5 Le modèle logique qui a été élaboré pour le PTQF énonce les activités, les extrants et les résultats du programme. Il est présenté à l’appendice III.
6 Le rapport technique sur la BDIM donne de plus amples détails au sujet de l’analyse des données de la BDIM sur les immigrants qui a été effectuée aux fins de l’évaluation. En plus d’exposer la méthodologie utilisée et les résultats tirés de l’analyse, le rapport présente une comparaison entre la population se trouvant dans la BDIM à celle existant dans le SSOBL durant la même période.
7 Précisons que le nombre de personnes inscrites dans la BDIM est inférieur au nombre total d’admissions étant donné que les immigrants n’ont pas tous produit une déclaration de revenus.
8 Certaines personnes peuvent avoir déménagé dans la même ville ou province, ou dans une autre province.

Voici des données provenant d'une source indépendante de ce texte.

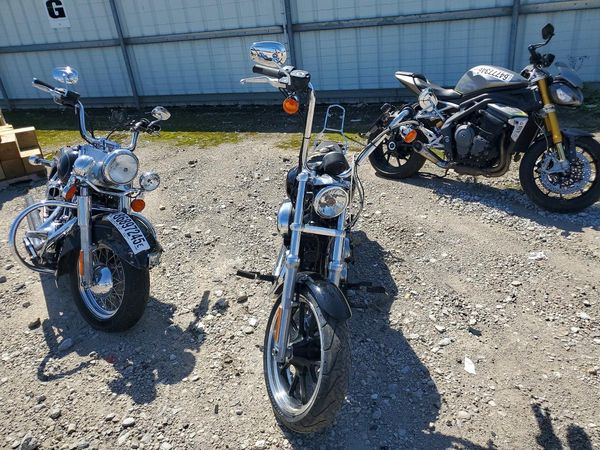 2012 HARLEY-DAVIDSON XL883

9 Le plus grand écart enregistré concerne la langue, où 72 % des points sont demeurés les mêmes entre la présélection et la sélection. Le pointage pour la capacité d’adaptation est resté le même dans 82 % des cas lorsque les points de présélection et de sélection étaient disponibles, tandis que le taux de comparabilité s’établit à 86 % pour le facteur de l’expérience et pour celui de la scolarité. L’âge et l’emploi réservé sont les facteurs qui affichent la plus grande uniformité, les points de présélection et de sélection étant restés les mêmes dans 99,5 % (âge) et 97,5 % (emploi réservé) des cas.